Goal of the exercise: Please copy, exactly as written, the span from the first line below to the line that contains "Attēls no Siemens", including both, and skip the pictures.

-------- Records for processing --------

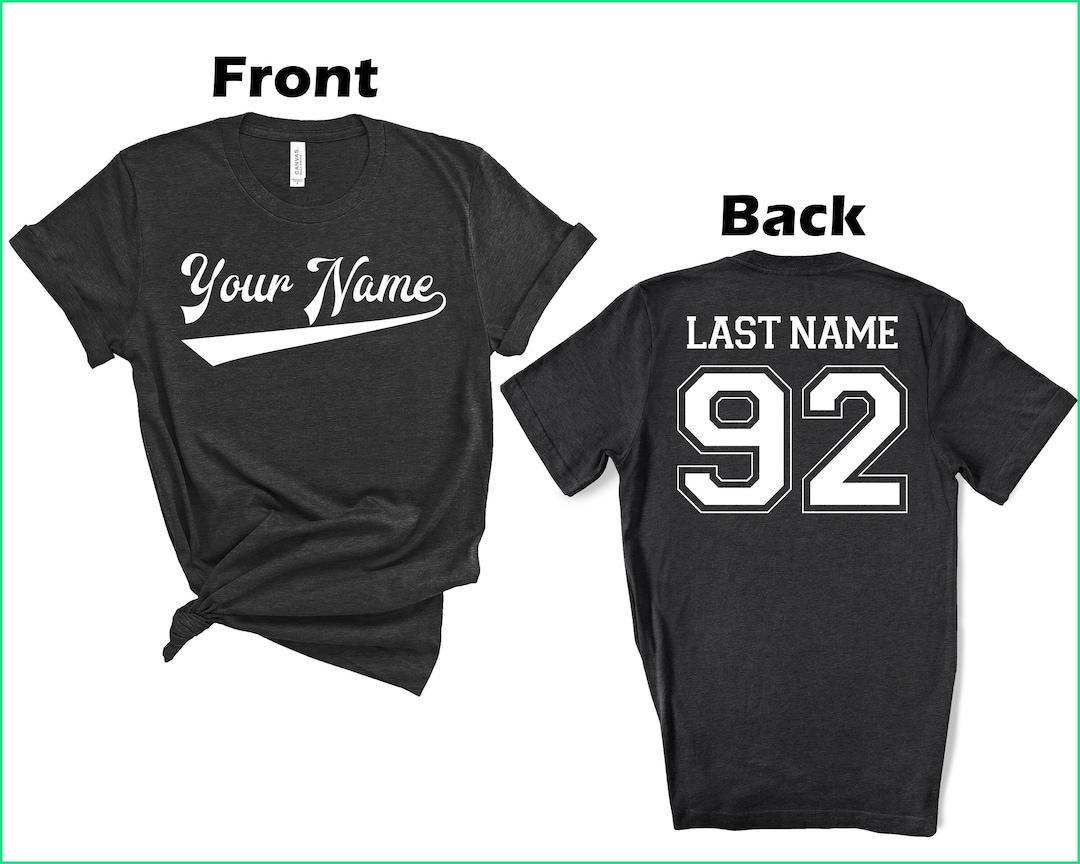 Custom Crew Names Custom Team Name Jersey, Name Baseball Shirt, Sports Team Shirts ...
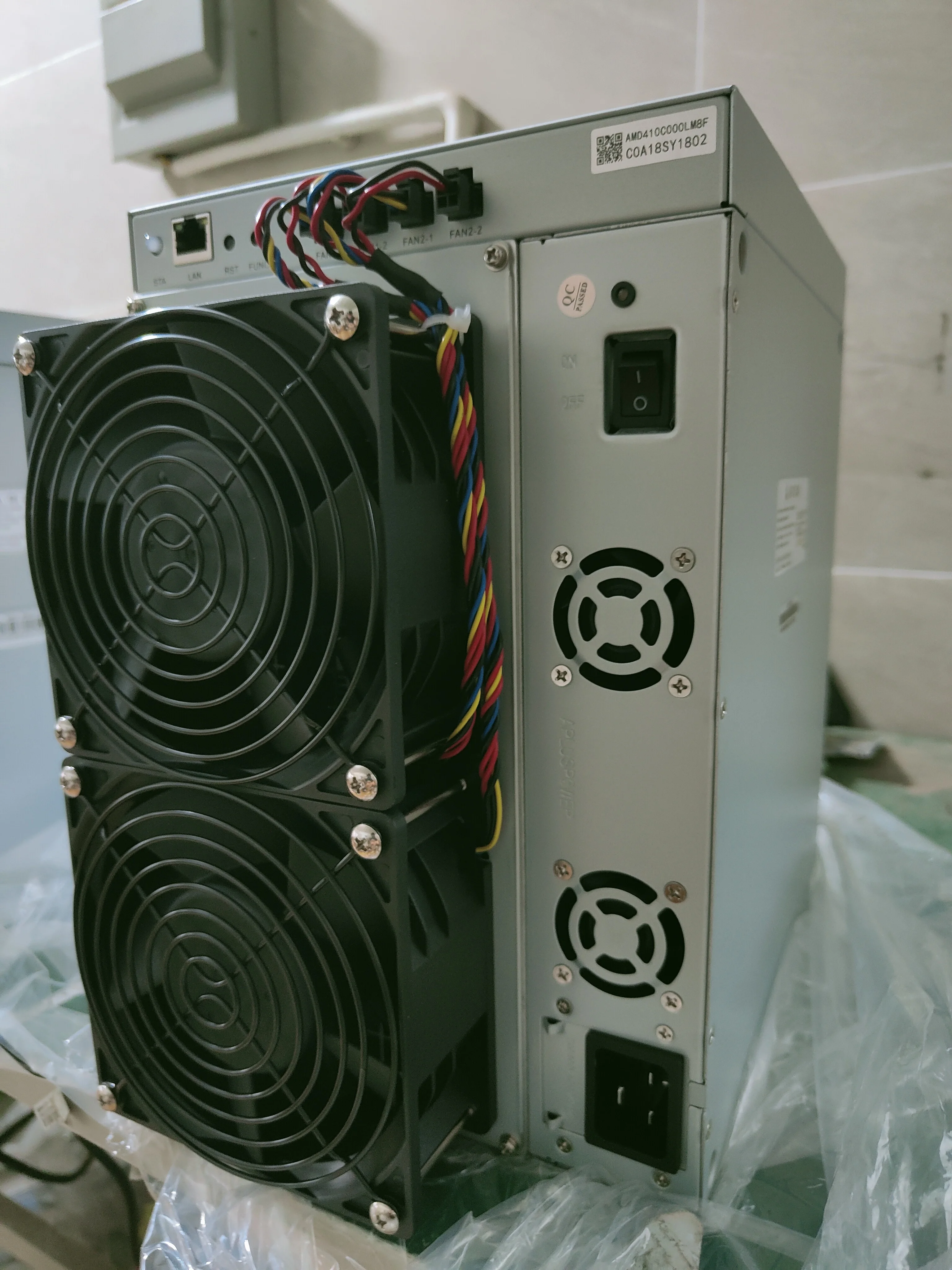 New BTC Miner Avalon A1346H 127Th/s 3700W Crypto Bitcoin Mining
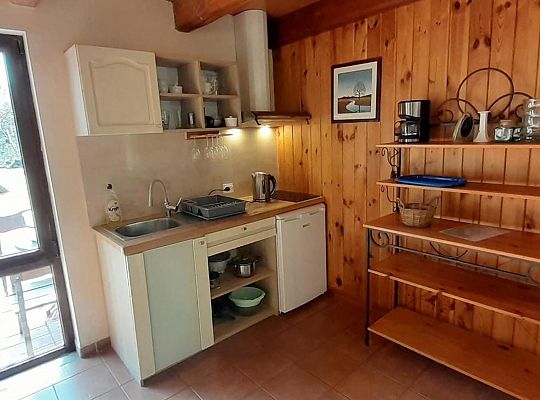 Murowane domy z aneksem kuchennym Sielanka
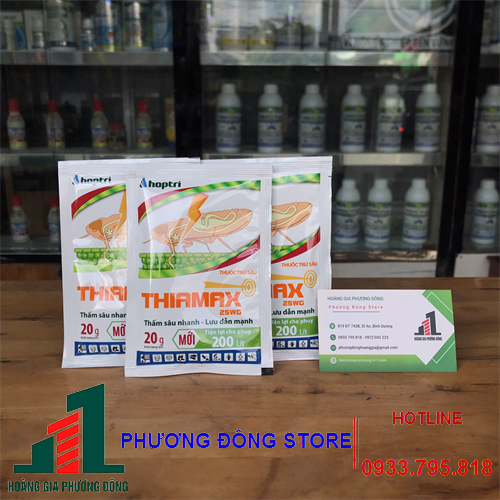Thuốc trừ sâu phổ rộng Thiamax 25WG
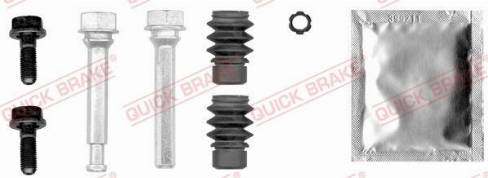 OJD Quick Brake 113-0011X - Комплект направляючої гільзи autocars.com.ua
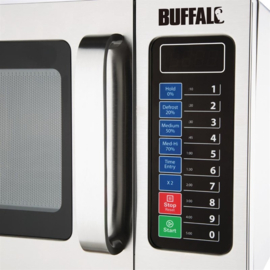 BUFFALO PROFESSIONELE MAGNETRON 25L 1000W PROGRAMMEERBAAR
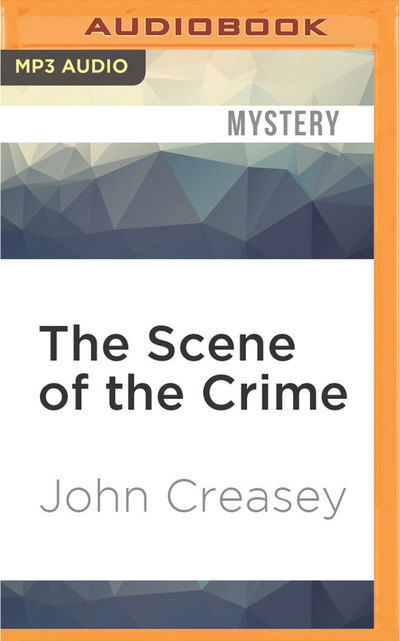 Cover for Anthony Parker · The Scene of the Crime (CD) (2016)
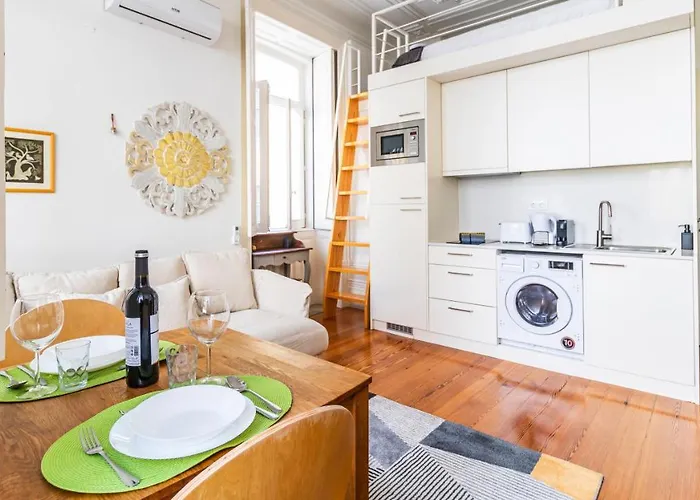 Апартаменты Boavista Loft By Lovelystay Порту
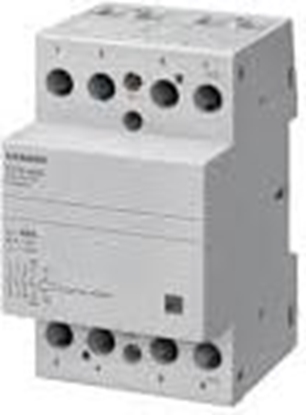 Attēls no Siemens Stycznik moduowy 40A 4Z 0R 230V AC (5TT5840-0)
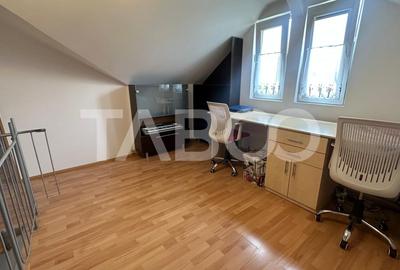 Apartament la mansarda 80 mpu mobilat utilat zona Rahovei Sibiu - 13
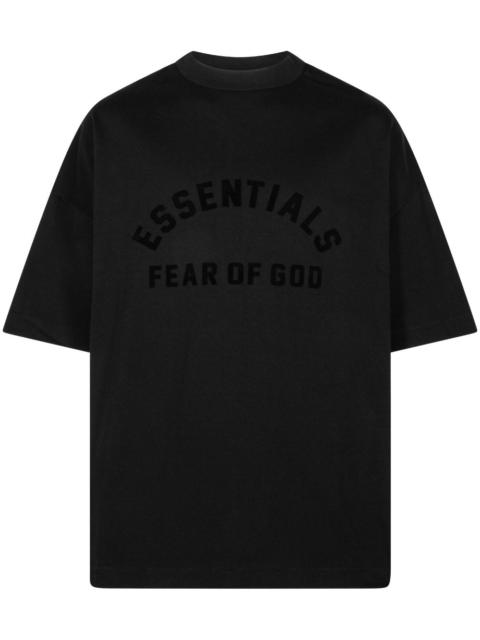 ESSENTIALS logo-print T-shirt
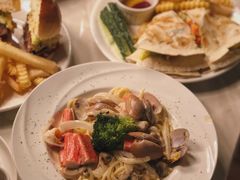 白汁海鲜意粉-about(丹霞庄店)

--------

Your solution:
 Custom Crew Names Custom Team Name Jersey, Name Baseball Shirt, Sports Team Shirts ...
 New BTC Miner Avalon A1346H 127Th/s 3700W Crypto Bitcoin Mining
 Murowane domy z aneksem kuchennym Sielanka
Thuốc trừ sâu phổ rộng Thiamax 25WG
 OJD Quick Brake 113-0011X - Комплект направляючої гільзи autocars.com.ua
 BUFFALO PROFESSIONELE MAGNETRON 25L 1000W PROGRAMMEERBAAR
 Cover for Anthony Parker · The Scene of the Crime (CD) (2016)
 Апартаменты Boavista Loft By Lovelystay Порту
 Attēls no Siemens Stycznik moduowy 40A 4Z 0R 230V AC (5TT5840-0)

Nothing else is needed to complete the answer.